Yofi Grant, Chief Executive Officer (CEO) of the Ghana Investment Promotion Centre (GIPC), says the Centre together with the Textiles and Garments Industry are working hard to be more attractive the global markets.
He said even though many challenges had hit the industry and contributed to it experiencing a drastic decline in production and export, however, the GIPC with its stakeholders were bent on adding value to the textiles and garments produced to make it more appealing to the global market.
The decline had been as a result of a surge in Chinese imports, Chinese influence on Ghanaian markets with lower costing products leading to low demand of domestic textiles, smuggling of foreign textiles into the country especially from China and Vietnam, and lack of raw materials among others, he said.

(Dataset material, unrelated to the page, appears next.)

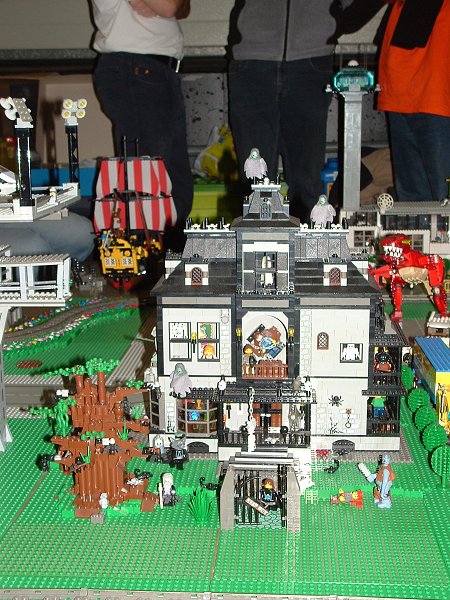 08-02_haunted_house.jpg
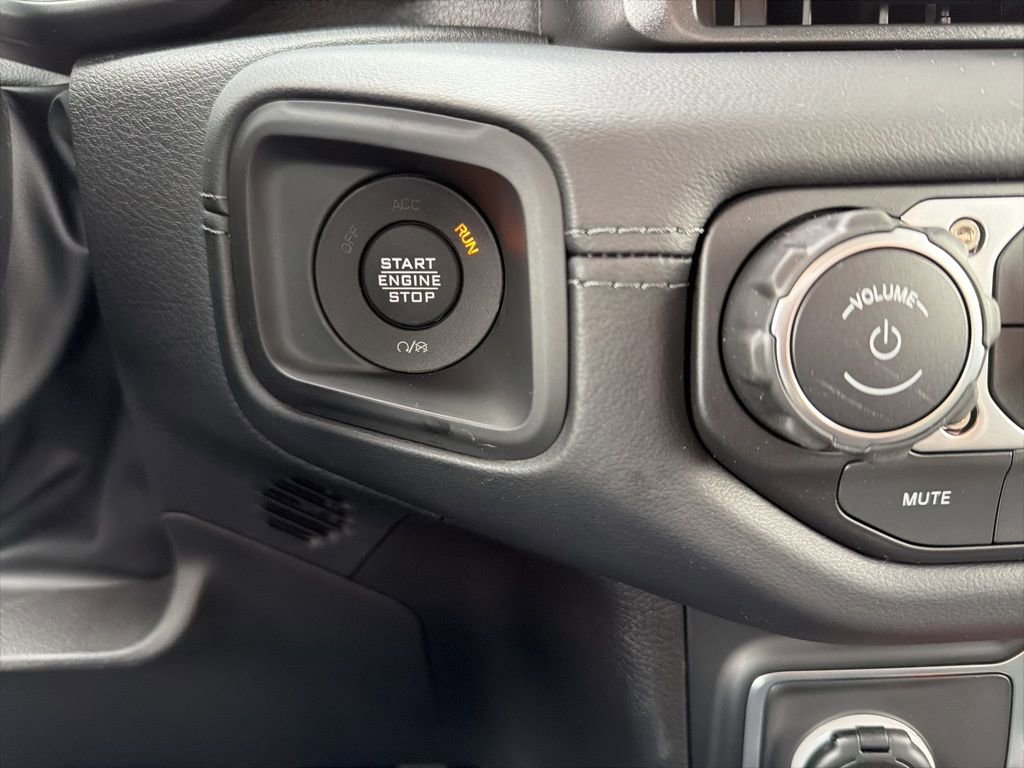 New 2026 Jeep Gladiator Mojave image 28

Mr Grant made the statement on Wednesday when the GIPC organised a “Garments & Textiles Investment Meeting” in Accra in partnership with the Cotton Development Authority and the Association of Ghana Apparel Manufacturers.
The meeting, on the theme: “The Future of Garments & Textiles in Ghana’s Industrialisation Drive”, was to enable stakeholders to deliberate on the challenges and hindrances towards the growth of the Ghana textiles and garments industry and devise a structured approach to enter the global market.
He said the name Ghana was becoming a common space in the global economy from textiles to soccer, architecture, and music, among others.
“We do have an opportunity to add value to all these things for export revenues and we can create significant wealth through that because Ghana has a potential to become a major exporter of garments and textiles,” he added.
Mr Grant said the US imported $31 billion of textiles annually, while the European Union imported about 69 billion, hence, it was prudent for Ghana to take advantage of it.
He encouraged the private industries to partner with each other to acquire benefits such as capital, state-of-the-art management practices, and opportunities to build new markets.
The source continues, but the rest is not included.